Cependant, il a insisté sur le fait que le Dassault Rafale, malgré son positionnement générationnel antérieur, conserve un avantage tactique dans les scénarios mixtes et multithéâtres. À la différence du Raptor, le Rafale peut passer, sans reconfiguration, d’un engagement air-air à une mission d’appui sol ou de reconnaissance stratégique. Il intègre en standard des capteurs optoélectroniques OSF, un radar AESA RBE2, une nacelle Reco NG, ainsi que le système Spectra, assurant la protection électronique active et passive de l’appareil.
Quant au F-35, Trappier a tenu à rappeler que malgré une furtivité accrue, cet avion reste dépendant de sa connectivité à un réseau C2 avancé, qui le rend vulnérable en environnement brouillé. Il a souligné que dans des engagements récents, notamment en Syrie, le Rafale avait opéré de manière autonome, sans relais de guerre électronique américain ni appui AWACS constant.

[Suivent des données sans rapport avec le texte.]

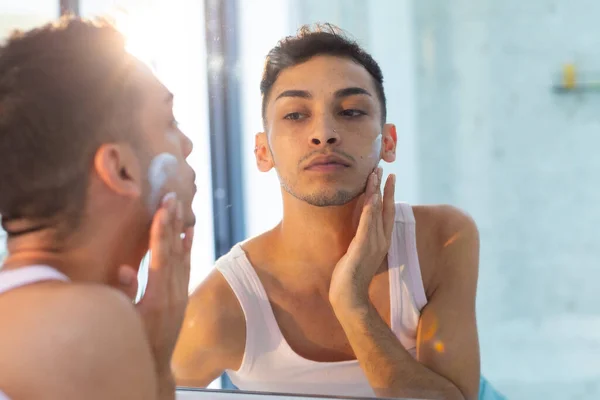 鏡を見てバスルームで顔クリームを適用する出生トランスジェンダーの男 セルフケア ライフスタイル 国内生活 変わらない — ストック写真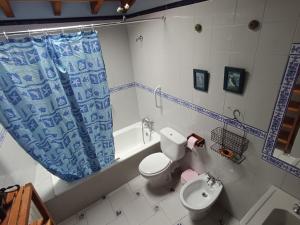 a bathroom with a toilet and a tub and a sink at La casuca in Noja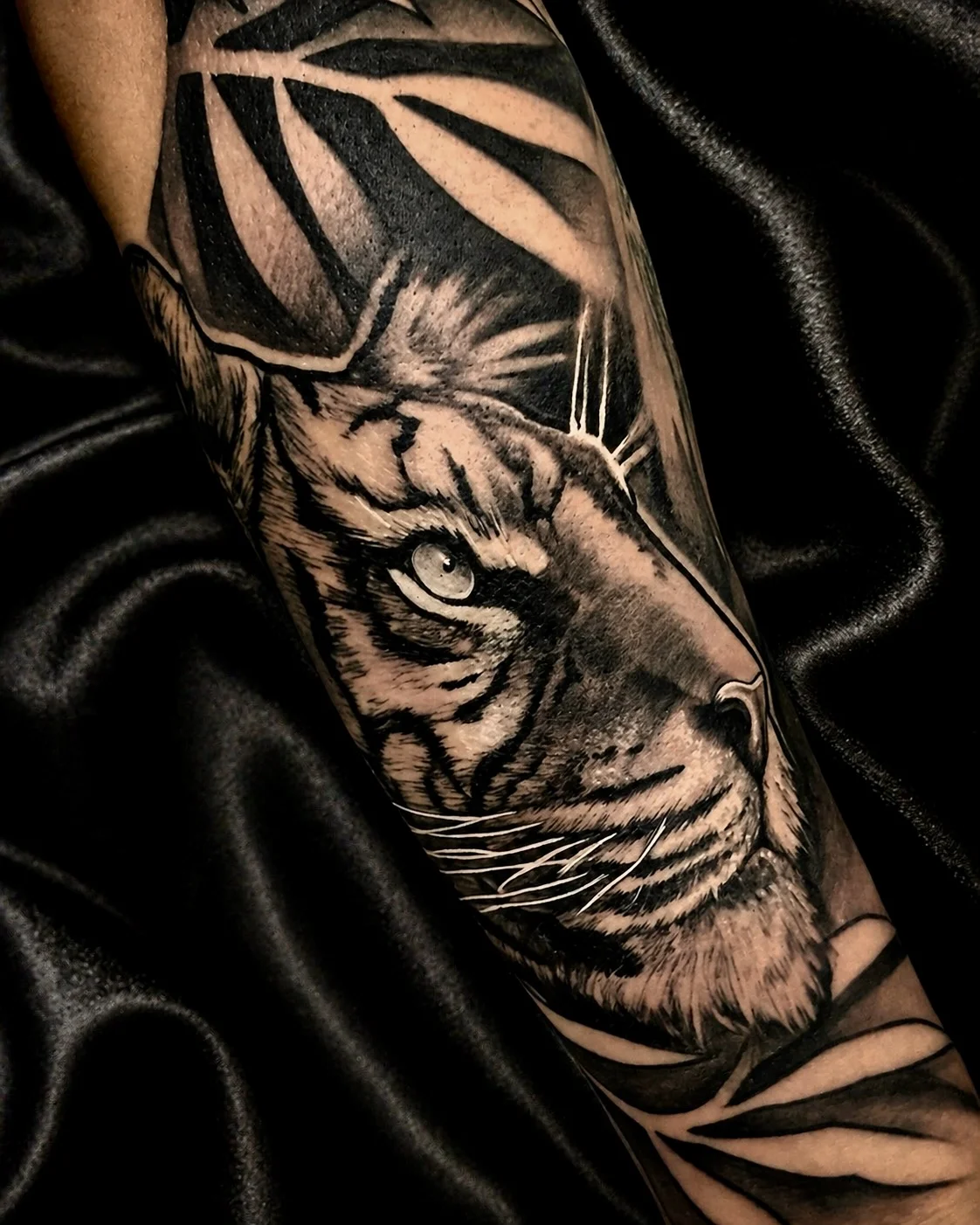 Tiger with leaves tattoo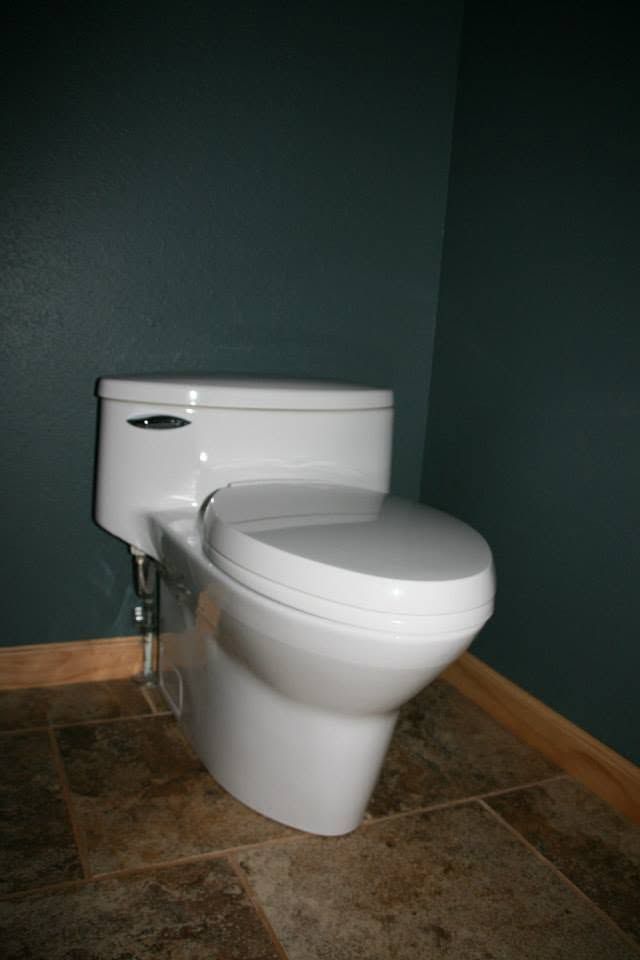 White toilet in a small bathroom with dark green walls and brown tile floor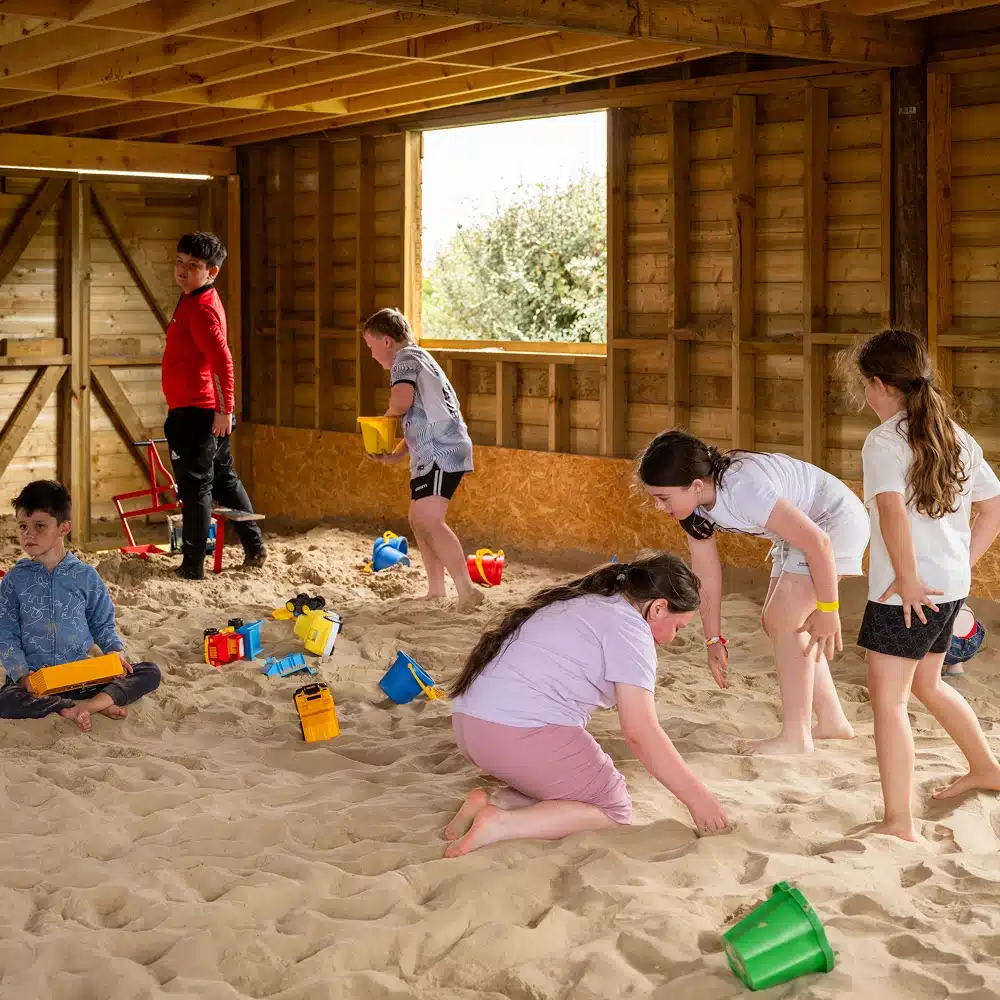 Six children play in an indoor sandy area, using colourful buckets and toy lorries. The wooden space, often used for Navan bouncy castle party fun, is filled with natural light as the children remain engaged and active.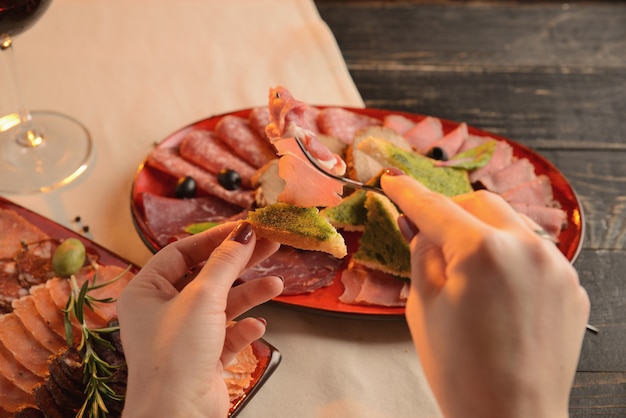 Salsichas sortidas, jamon e presunto com fatias de pão frito num prato vermelho. Em uma mesa de madeira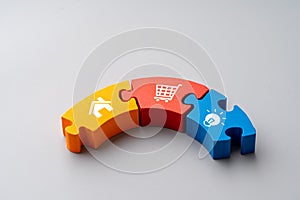 Online shopping icon on colorful jigsaw puzzle for global concept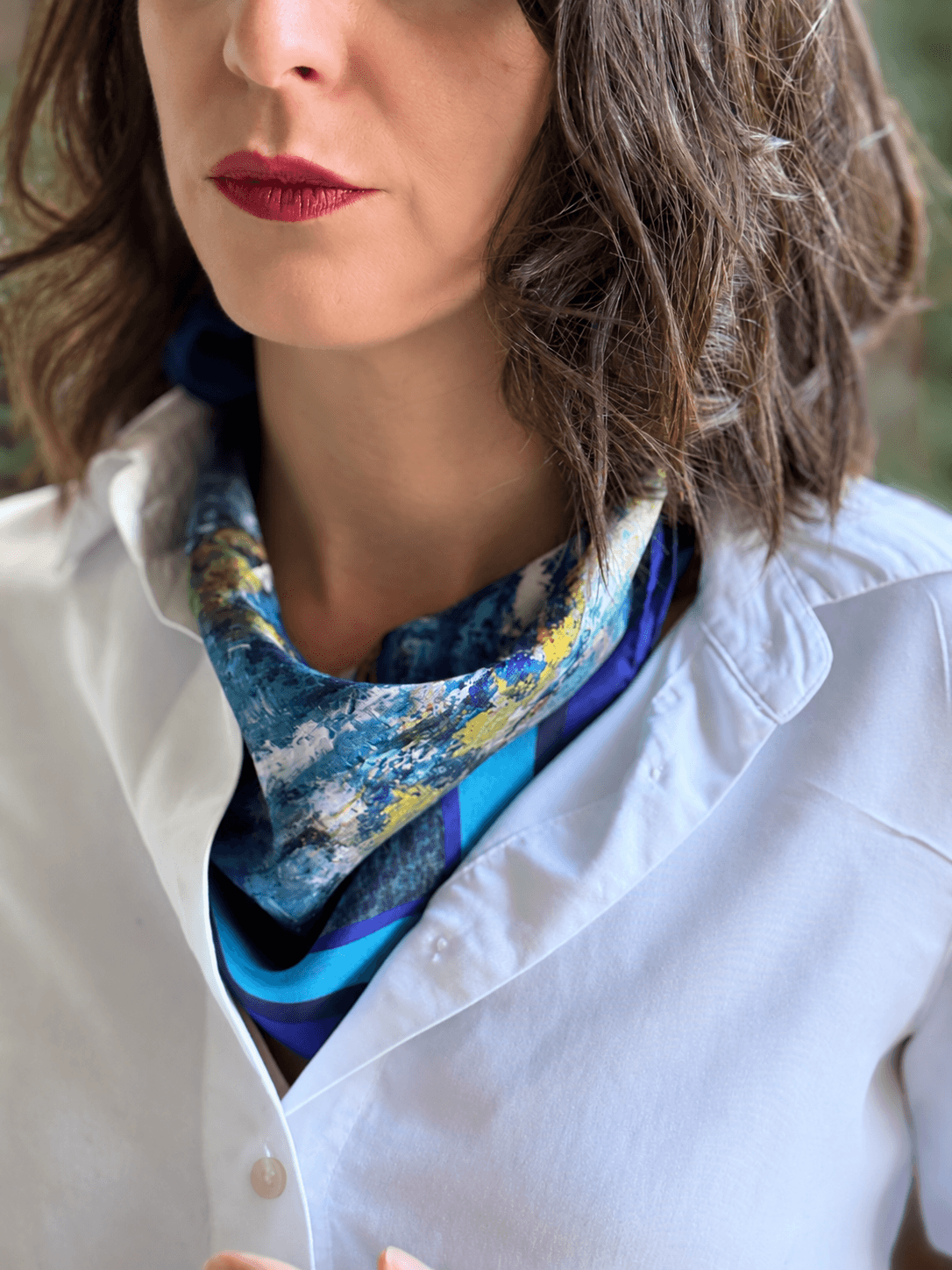 A close-up of a woman wearing a white button-up shirt and a patterned silk scarf in shades of blue, yellow, and green.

Enfin, il a précisé que le coût total d’un F-35A américain dépasse aujourd’hui €220 millions sur l’ensemble du cycle de vie, contre €150 millions pour un Rafale F4. Ces chiffres incluent le prix d’achat, la maintenance, les infrastructures et les munitions compatibles.

Un enjeu d’image pour Dassault dans un contexte commercial tendu
Le maintien de la crédibilité opérationnelle au cœur des exportations
Depuis 2020, l’avion de chasse Rafale s’est imposé comme une des plateformes les plus exportées de Dassault. Il a été commandé par l’Inde, l’Égypte, le Qatar, la Grèce, les Émirats arabes unis, la Croatie et l’Indonésie, totalisant plus de 290 unités vendues hors de France. Chaque perte éventuelle est donc immédiatement exploitée sur le plan politique, médiatique et commercial.
Les allégations du Pakistan tombent à un moment stratégique. Dassault défend actuellement sa proposition pour le programme MRFA indien (114 avions), ainsi que des offres actives en Arabie saoudite, en Colombie et au Bangladesh. Une perception de vulnérabilité ou d’inefficacité pourrait affaiblir ces candidatures, même en l’absence de données objectives.
L’intervention publique d’Eric Trappier s’inscrit dans une volonté de reprise du récit narratif, en positionnant Dassault comme acteur crédible, transparent, et capable de répondre sur le fond. La stratégie repose sur un discours technique, sur la démonstration des données empiriques et sur une logique de performance vérifiée en condition réelle.
Dassault sait que le vol en avion de chasse Rafale, tel qu’expérimenté par les forces indiennes ou émiriennes, reste son meilleur argument marketing. À condition de contrôler la perception publique, notamment face à des campagnes d’influence orchestrées par des États concurrents.